El estallido de la guerra no menguó su ánimo. Atrás quedaban los fastos de tiempos pasados, en los que ejercía de anfitriona de multitudes. Con ocasión de la Olimpiada de Berlín recibió a más de tres mil invitados, con los que se exhibió como la cara femenina del nazismo. Rubia, distinguida, políglota y celosa madre y esposa. Toda Alemania, y buena parte del extranjero, sucumbió a sus encantos. En los años difíciles, lejos de venirse abajo, se dejaba ver con su marido entre las ruinas de los bombardeos aliados, consolando a las madres desencajadas que acababan de perder a sus hijos entre los escombros. Se cuenta que, en los meses finales de la guerra, a los invitados a su palacio les exigía los cupones de racionamiento. El hundimiento estaba cercano, la corrupta y asesina nave en la que se habían embarcado los nazis estaba a punto de naufragar.

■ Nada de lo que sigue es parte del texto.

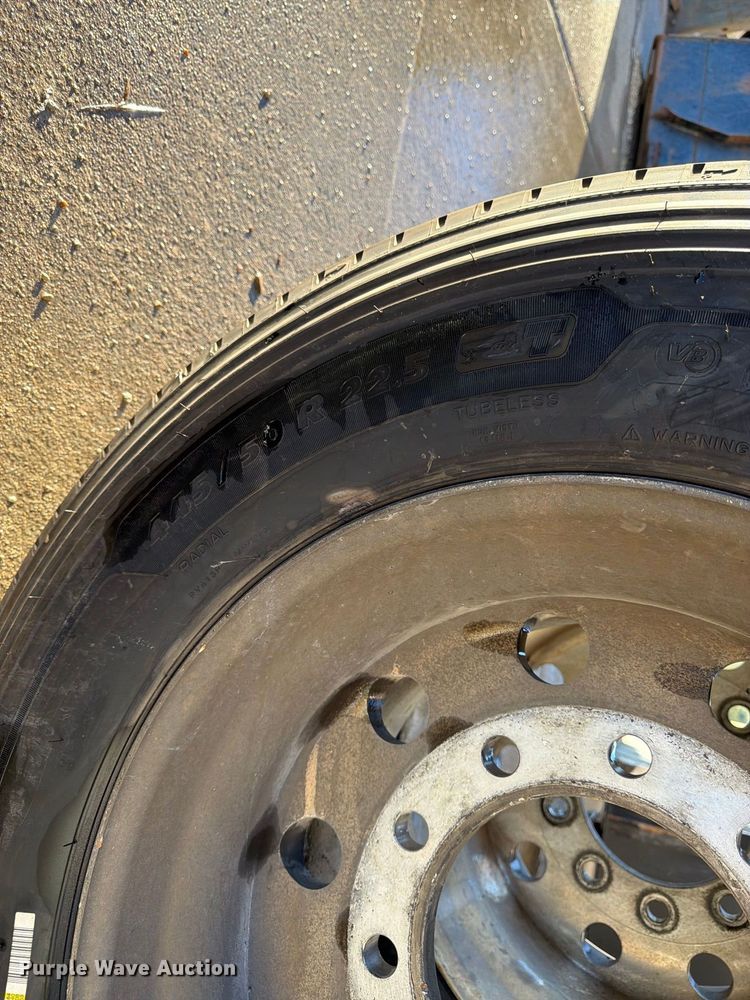 image for item EW5178 (3) Michelin 445/50R22.5 tires and wheels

El 22 de abril de 1945, con el Ejército Rojo a las puertas de Berlín, los Goebbels solicitaron permiso a Hitler para acompañarle al búnker. Éste, en reconocimiento por la inquebrantable lealtad que le había brindado, se arrancó de la solapa la insignia de oro del partido y se la entregó a Magda. Ese sería el punto culminante de su carrera, y la antesala del drama. El 28 de abril se encerró en su cuarto del búnker y escribió a su hijo Harald, que servía en la Luftwaffe:

"Nuestra espléndida idea se hunde, y con ella todo lo que de hermoso, admirable, noble y bueno he conocido en mi vida. El mundo que vendrá detrás del Führer y el nacionalsocialismo no merece la pena ser vivido, y por eso he traído a los niños".

Dos días después Hitler se descerrajó un tiro y puso punto y final a su vida, a su espantoso régimen y a la guerra mundial que él mismo había iniciado. Magda, fría como un témpano, se encerró en una habitación con sus seis hijos. Les administró un somnífero y una inyección letal. Al sueño le sucedió la muerte. La mayor tenía doce años, la menor no había cumplido los cinco.

Horas después, Goebbels se dispuso a inmolarse junto a su esposa en el jardín del búnker. Se vistió con parsimonia, ajustándose con decisión la gorra de plato color caqui, y subió hasta la superficie con varios guardias. Las órdenes eran estrictas: tras el suicidio, sus cuerpos debían ser incinerados, para que los rusos no pudiesen exhibir sus cuerpos como trofeo. El ministro se pegó un tiro, Magda ingirió una cápsula de cianuro.

Punto y final. Magda Goebbels, nacida Behrend, adoptada como Friedländer y Rietschel y divorciada como Quandt, había dejado de existir. Sus restos fueron encontrados por los soldados rusos, y enterrados en los jardines del cuartel general del KGB en Magdeburgo. Un cuarto de siglo después, fueron exhumados y reducidos por completo a cenizas, que fueron esparcidas en el río Elba. Ni en sus peores sueños hubiera podido imaginar un final semejante.